[Start of Attachment]

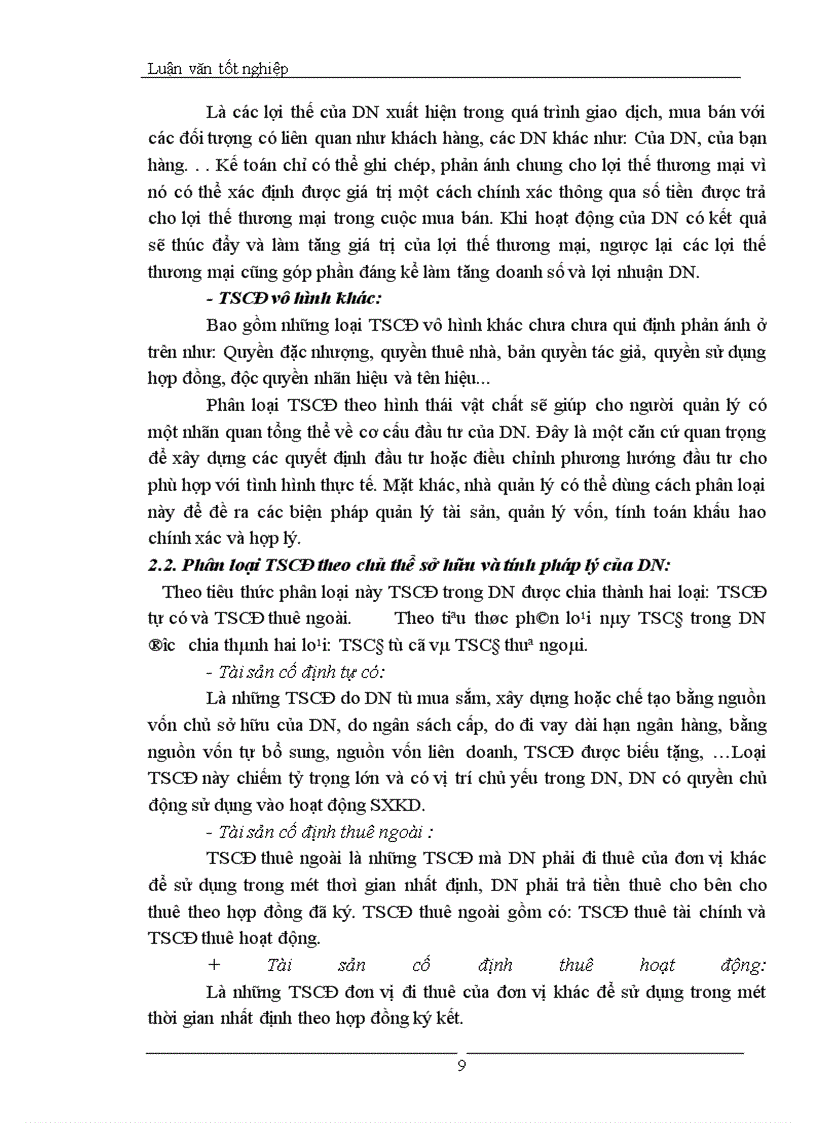 image for page Tổ chức hạch toán TSCĐ tại Công ty Đường Rượu Bia Việt Trì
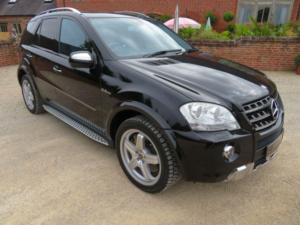 2010 Mercedes-Benz M Class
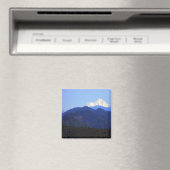Schöner Berg Shasta.... Magnet (In Situ (Geschirrspüler))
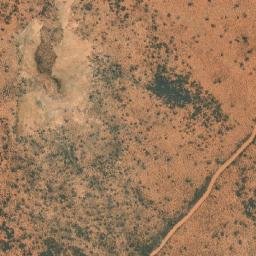 Satellite imagery of Mount Thorian, AU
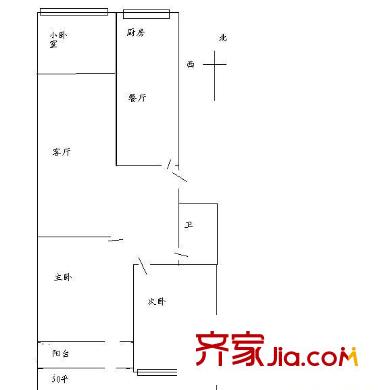 太原 空軍大院 戶型圖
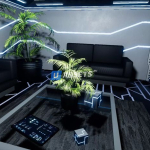 Screenshot #1 - Futuristic Scifi Interior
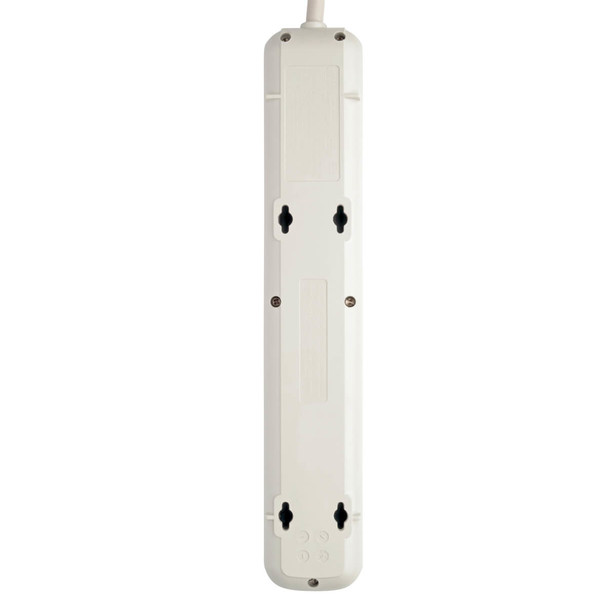 Tripp Lite Protect It! 7-Outlet Surge Protector, 12-ft. Cord, 1080 Joules, Light Gray Housing TLP712 037332115904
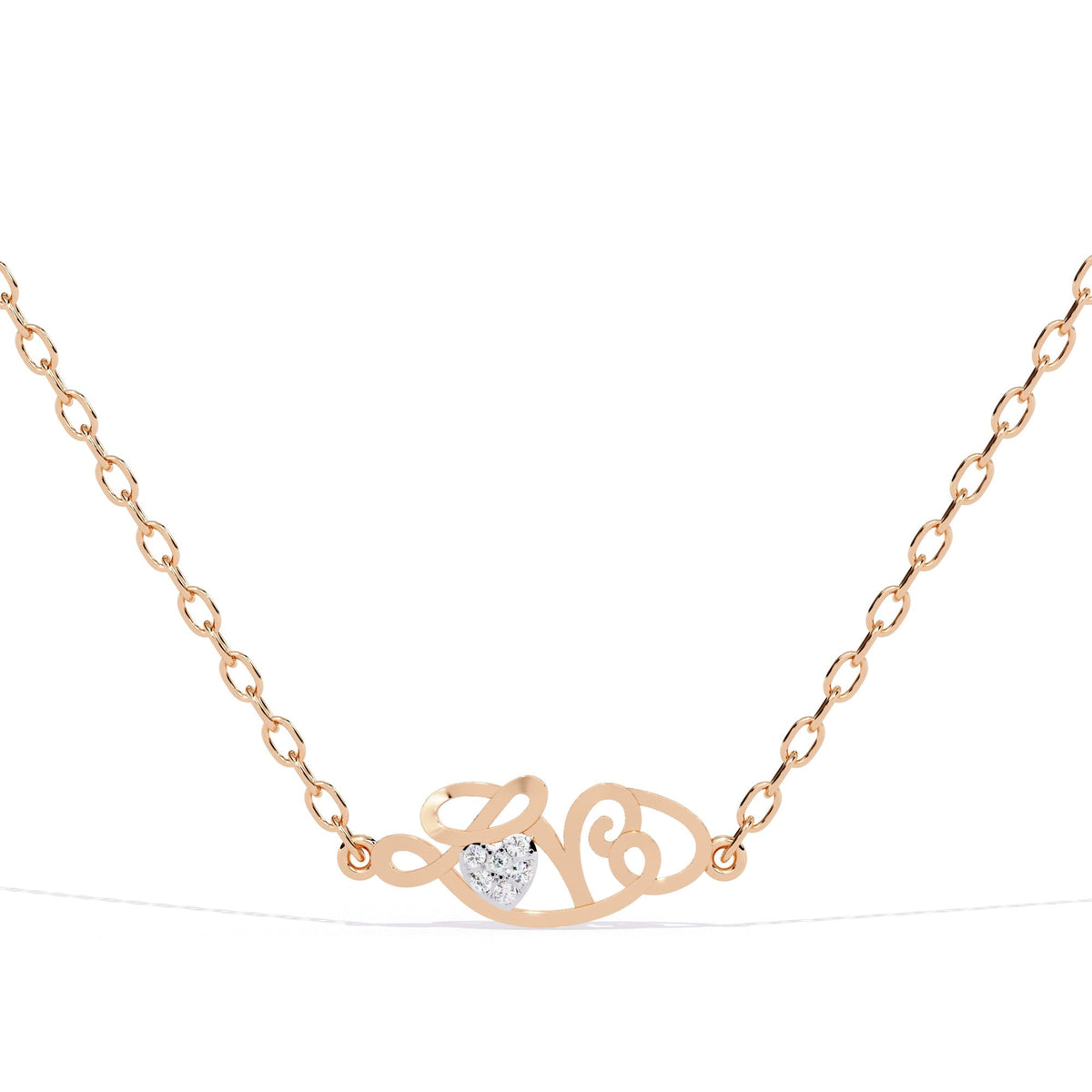The Evangeline Radiant Solitaire 11 Pendant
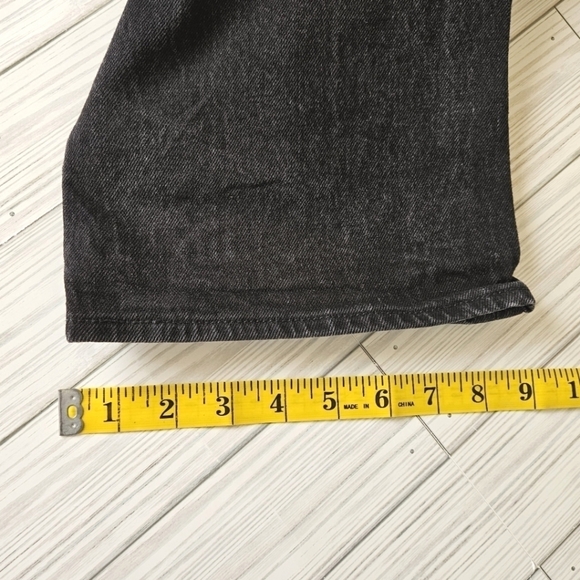 Levi's 501 Original Fit Jean in All Nighter Black Men's Size 40 x 30 - Picture 9 of 13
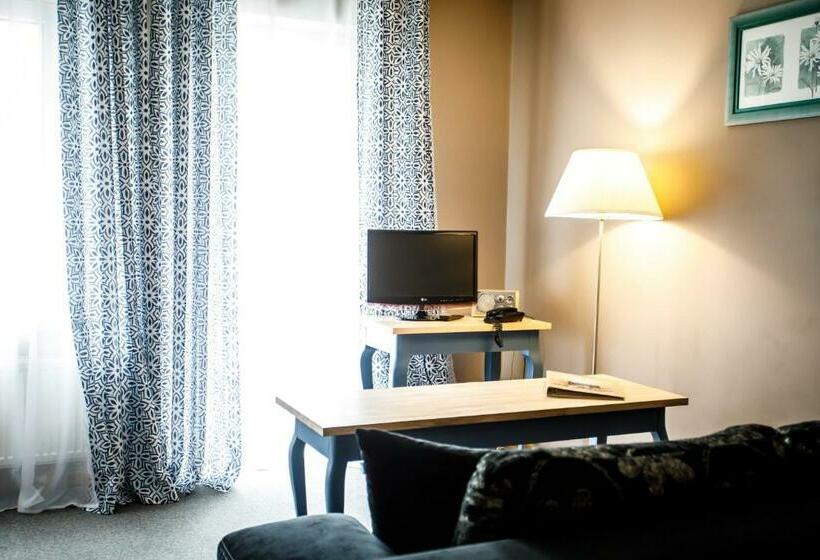 חדר סטנדרט לשלושה עם מרפסת, Anielski Zakatek Polanczyk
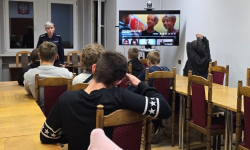 Nieletni nie są bezkarni – spotkanie edukacyjne w Ząbkowicach Śląskich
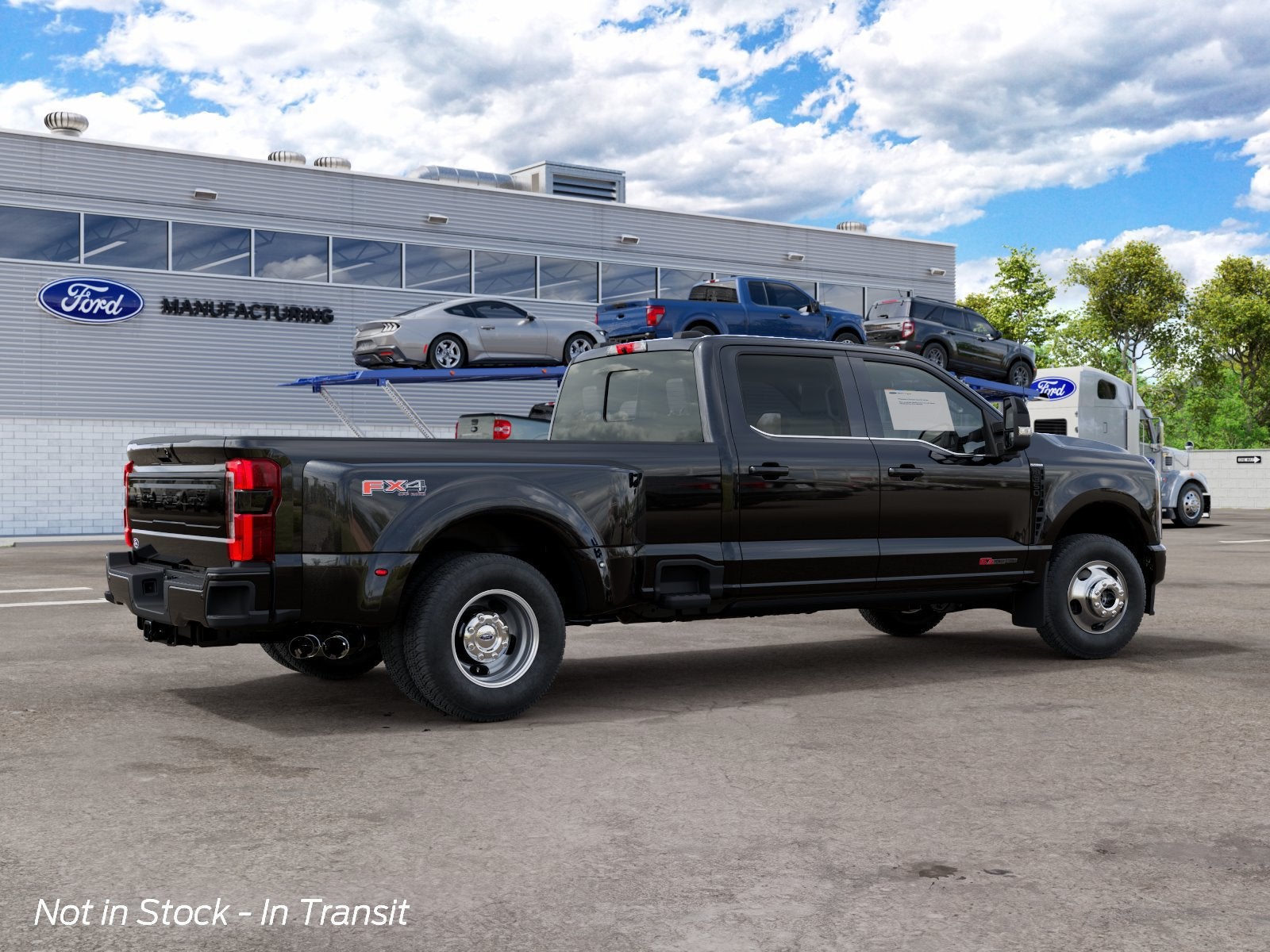 2027 Ford F-350SD Platinum DRW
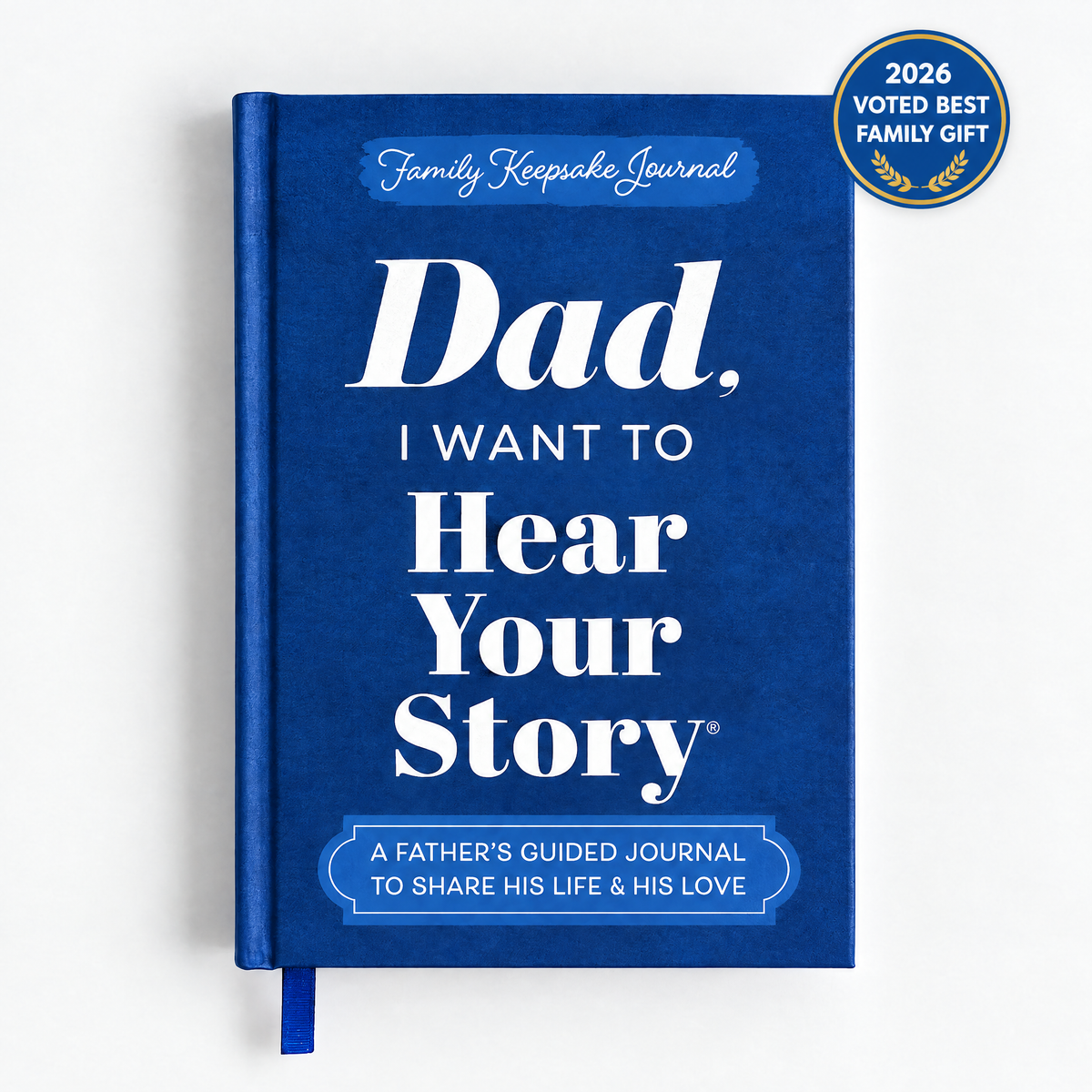 I Want To Hear Your Story — For Dad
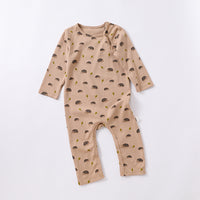 Load image into Gallery viewer, Baby Unisex Animals Plant Print Jumpsuits Wholesale 230303177
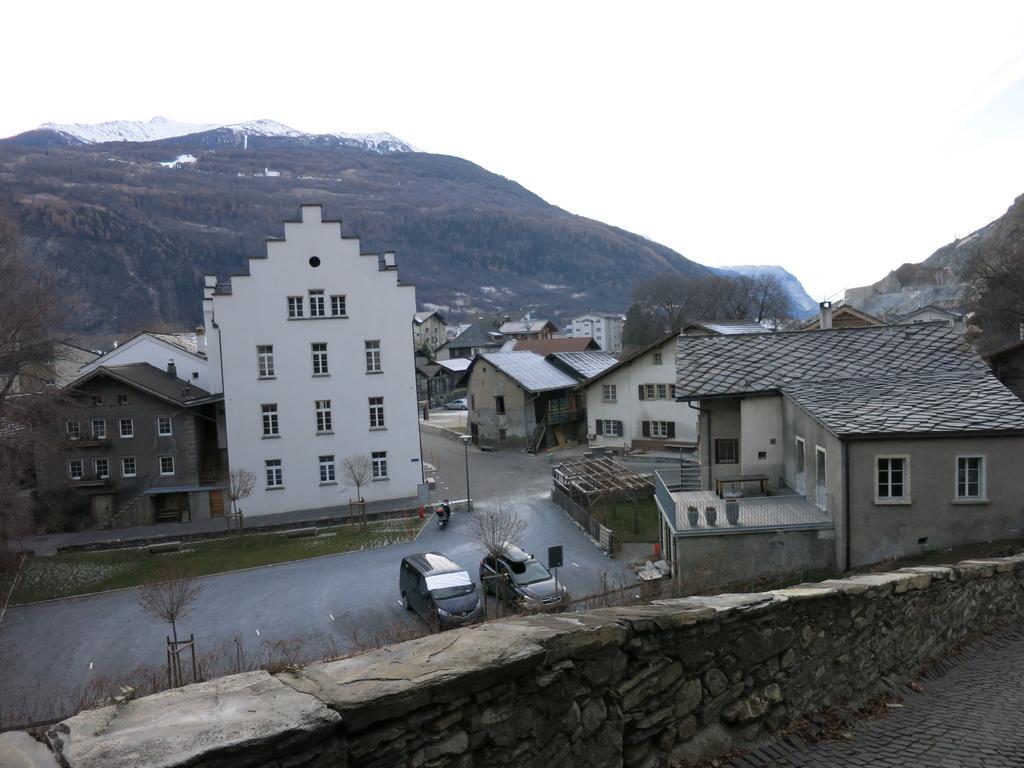Apartment Rilkedorf Raron Dış mekan fotoğraf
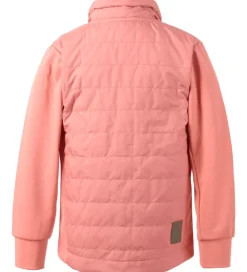 Didriksons Softshelljakke - Ekorren - Coral Rose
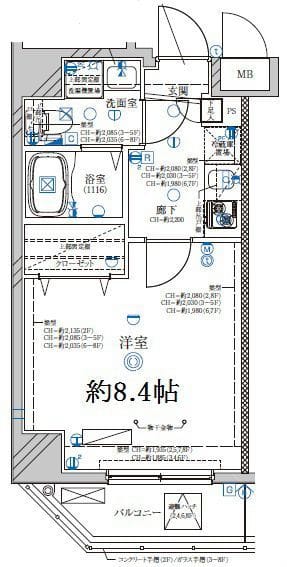 ディアレイシャス日暮里EASTの写真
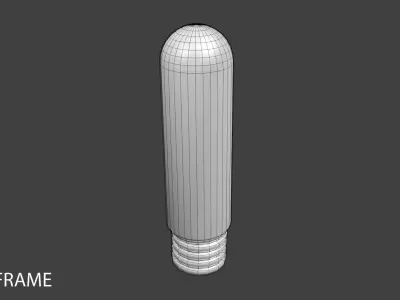 Light Bulb - Tubular 3D model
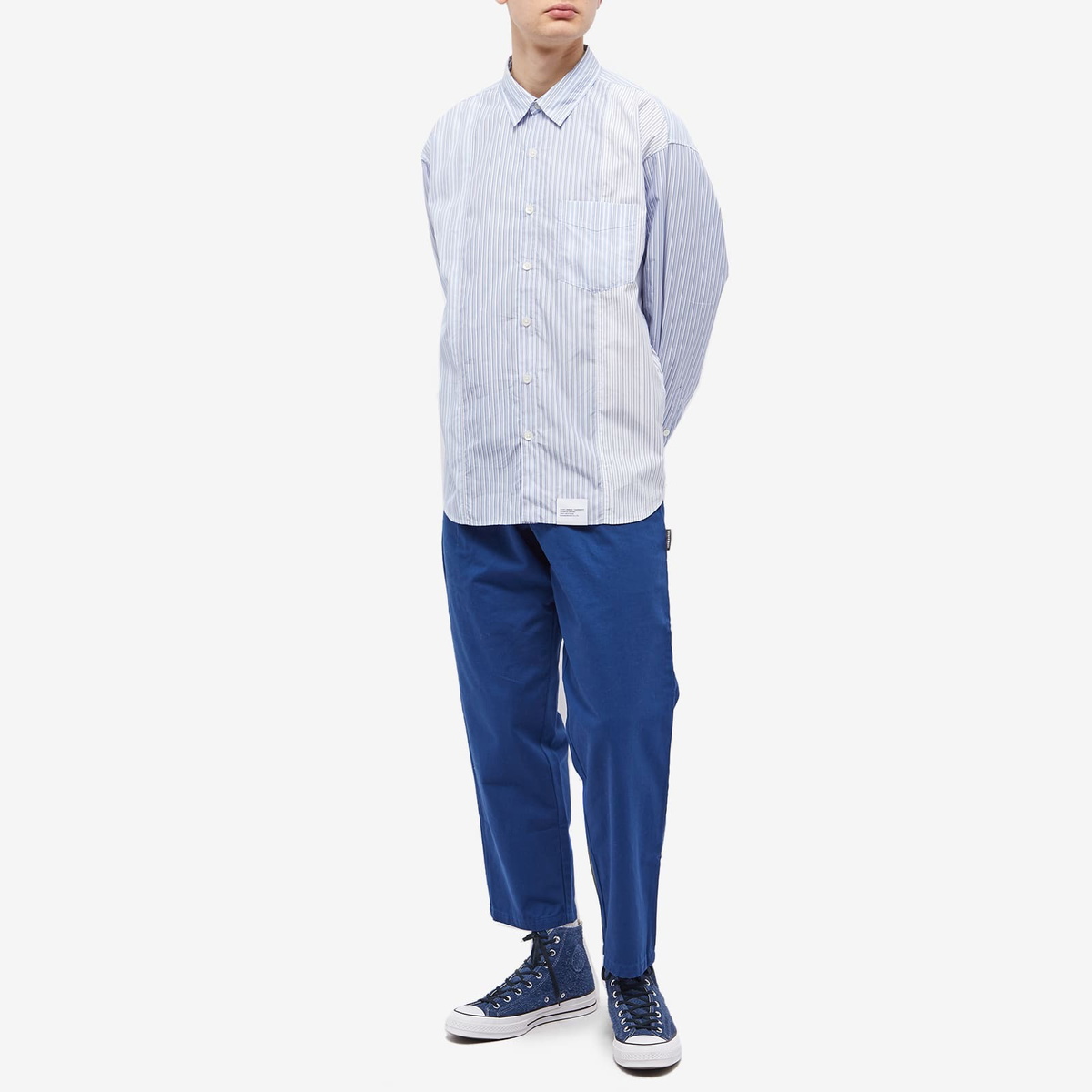 Human Made Men's Skater Chino Pant in Navy Human Made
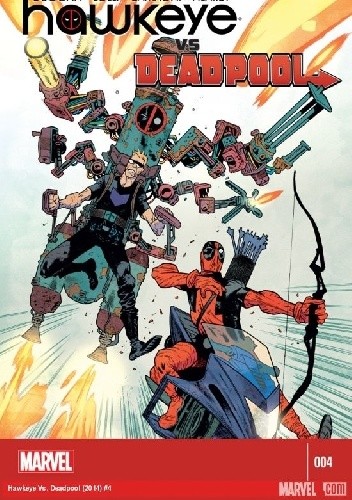 Hawkeye vs. Deadpool #4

[End of Attachment]

### [WHAT YOU NEED TO DO]
Among the lines above, the one with "Schöner Berg Shasta...." opens the part to repeat and the one with "I Want To Hear Your Story — For Dad" closes it; repeat only that part exactly, with no pictures.

### [RESULT OF THIS EXERCISE]
Schöner Berg Shasta.... Magnet (In Situ (Geschirrspüler))
 Satellite imagery of Mount Thorian, AU
 太原 空軍大院 戶型圖
 Screenshot #1 - Futuristic Scifi Interior
 Tripp Lite Protect It! 7-Outlet Surge Protector, 12-ft. Cord, 1080 Joules, Light Gray Housing TLP712 037332115904
The Evangeline Radiant Solitaire 11 Pendant
 Levi's 501 Original Fit Jean in All Nighter Black Men's Size 40 x 30 - Picture 9 of 13
 חדר סטנדרט לשלושה עם מרפסת, Anielski Zakatek Polanczyk
 Nieletni nie są bezkarni – spotkanie edukacyjne w Ząbkowicach Śląskich
 2027 Ford F-350SD Platinum DRW
 I Want To Hear Your Story — For Dad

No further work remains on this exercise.